▶ **WHAT YOU HAVE TO DO**
Word for word, copy out the data below, omitting pictures.

▶ **RECORDED INFORMATION**
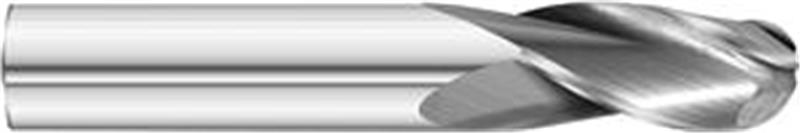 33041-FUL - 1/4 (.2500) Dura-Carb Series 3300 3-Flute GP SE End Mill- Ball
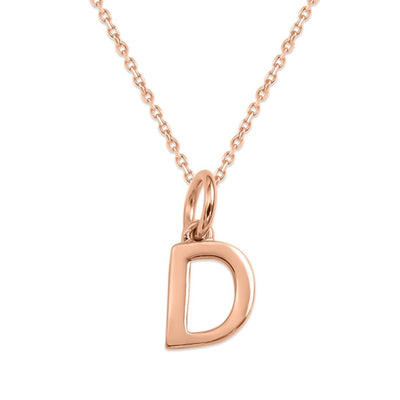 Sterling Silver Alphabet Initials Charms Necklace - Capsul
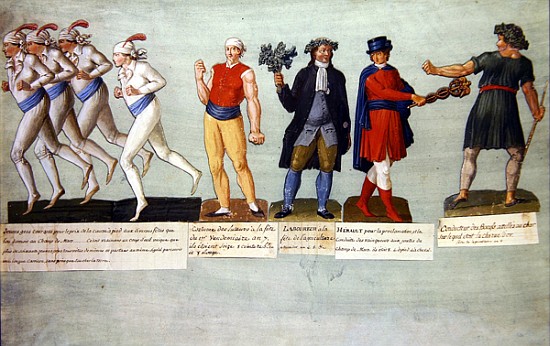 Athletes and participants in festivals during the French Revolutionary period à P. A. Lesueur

▶ **TASK RESPONSE**
 33041-FUL - 1/4 (.2500) Dura-Carb Series 3300 3-Flute GP SE End Mill- Ball
 Sterling Silver Alphabet Initials Charms Necklace - Capsul
 Athletes and participants in festivals during the French Revolutionary period à P. A. Lesueur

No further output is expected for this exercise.